Healthcare Organizations Are Adding New Executive Roles

Posted by Erica Bettencourt

Mon, May 14, 2018 @ 11:00 AM

healthcareexecsThe healthcare industry is constantly evolving, and with new services come new roles. Policies and regulations are always changing, new technologies are being used, and patient care is becoming more convenient for them with telehealth, transportation to medical appointments and increased access to health data.  Below you can learn more about some of the roles. 

Chief diversity and inclusion officer

The importance for healthcare organizations to have a Chief Diversity Officer on board has grown in the past 10 years as health systems have expanded and their patient populations have become more diverse.

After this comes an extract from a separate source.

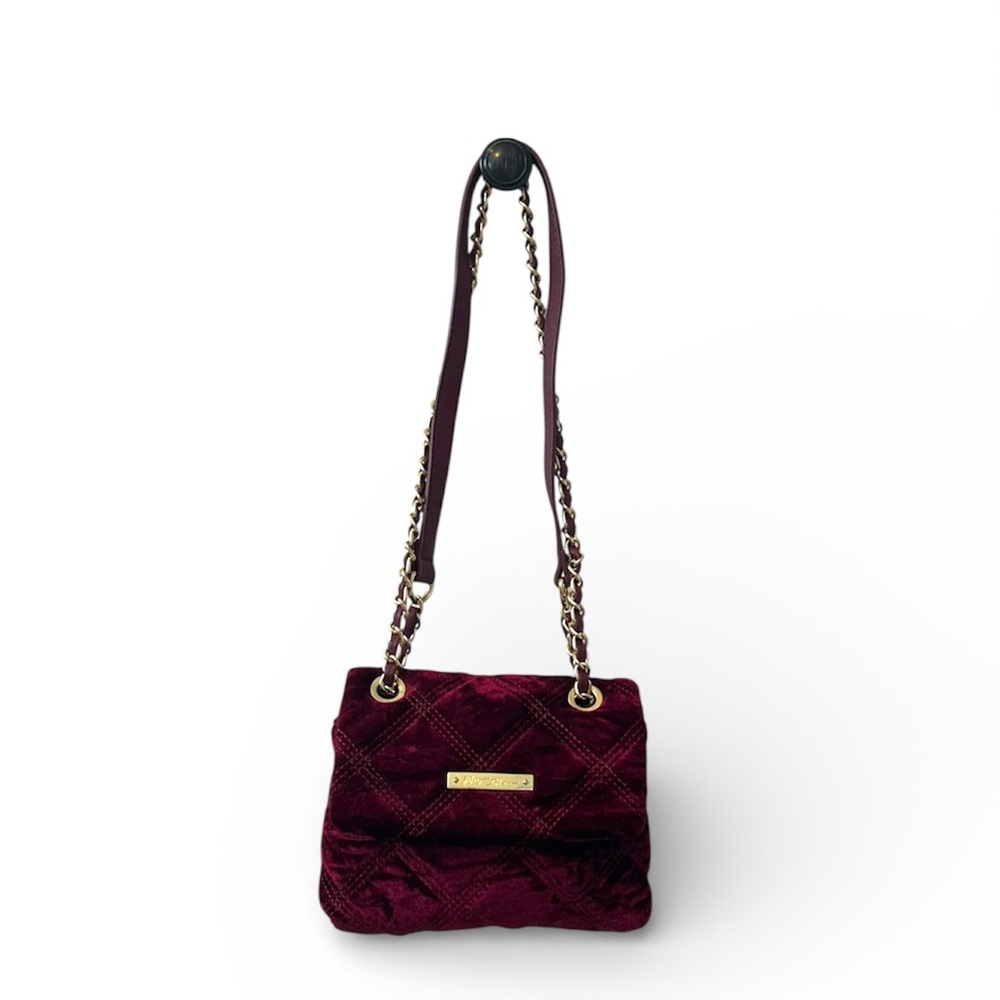 Betsey Johnson Burgundy Quilted Velvet Mini Crossbody Bag – Gold Chain Strap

Chief Diversity and Inclusion Officers main focus is to promote diversity and inclusion at the organization. Other responsibilities include vendor diversity and eliminating health disparities. Someone in this position should understand the health system's culture and its patient population. According to Modern Healthcare, providers argue that as they care for a larger and more diverse patient population—both inside and outside the hospital setting—a diverse workforce will help them better care for patients.

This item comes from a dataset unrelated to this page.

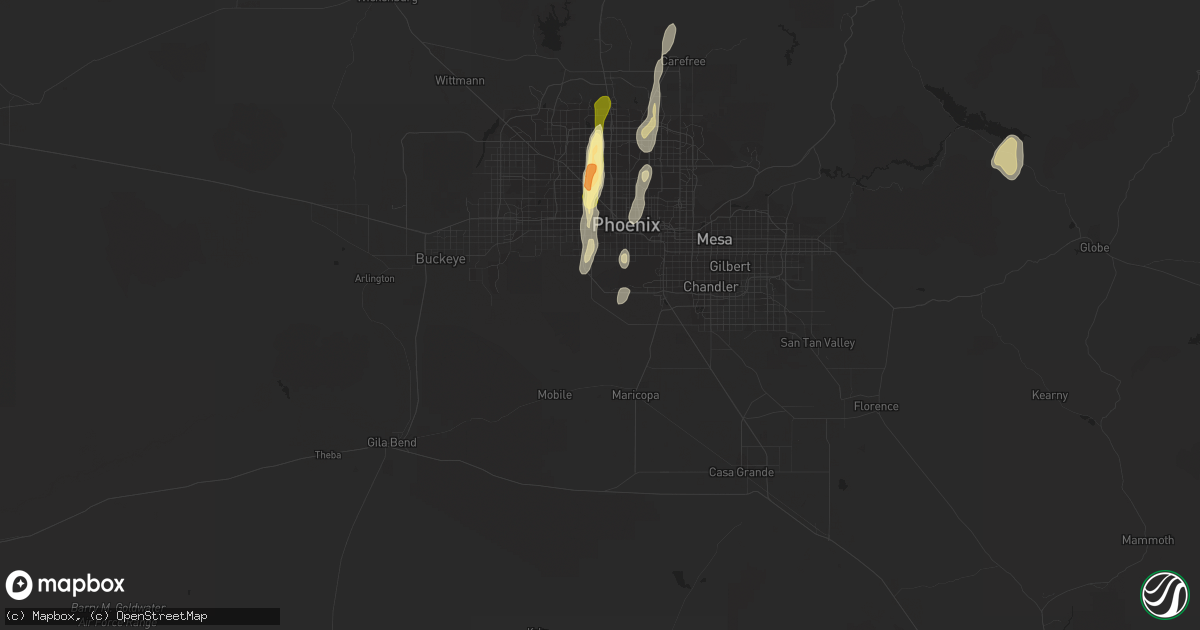 Hail map in Laveen, AZ on October 18, 2015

Population health executives

Population health management is becoming a central focus for more healthcare providers and many are considering adding a Chief Population Health Officer to the executive ranks.

Chief Population Health Officers are responsible for overall strategic direction and coordination of population health and care management. It is expected that a Physician would fill the role but, this Physician will have to have public health experience at a state or national level, have an advanced degree in business or health administration and have experience with team-based care.

Chief clinical officer

The demand for value-based care is growing and hospital executives are better aligning their services by hiring Chief Clinical Officers. This role is becoming clearly distinct from a traditional Chief Medical Officer.

The Chief Clinical Officer (CCO)  role takes on more of the patient engagement and clinical quality outcome work. They must understand lean performance requirements, a management style designed to reduce excess waste and care quality, be familiar with electronic health records as well as experience with the integration of quality data and, broadly, the ability to improve processes.

Physician leadership roles

As the hospital field tackles clinical integration, population health and performance improvement to drive transformational change, Physician leadership is crucial. Physician leaders should have exceptional people skills, be capable of communicating effectively and building trust across multidisciplinary groups. Management training and knowledge of leadership principles are also important.

Chief of staff

The Chief of Staff position has long been a fixture in the political arena as well as in the corporate world. It is fairly new but gaining favor in health care. Not to be confused with a Medical Chief of Staff, the organization’s Chief of Staff serves as the right hand of the CEO.

The health care Chief of Staff's duties depend on the CEO’s needs and what the organization demands of the Chief Executive. Responsibilities can encompass supporting internal operations and day-to-day management, as well as representing and even speaking for the organization in public and with external constituents. The Chief of Staff should fulfill high-level responsibilities befitting an executive.

According to Beckers Hospital Review, other executives, like Analytics Executives, Digital Executives, Technology Transfer Executives and Shared Services Executives are also on the rise.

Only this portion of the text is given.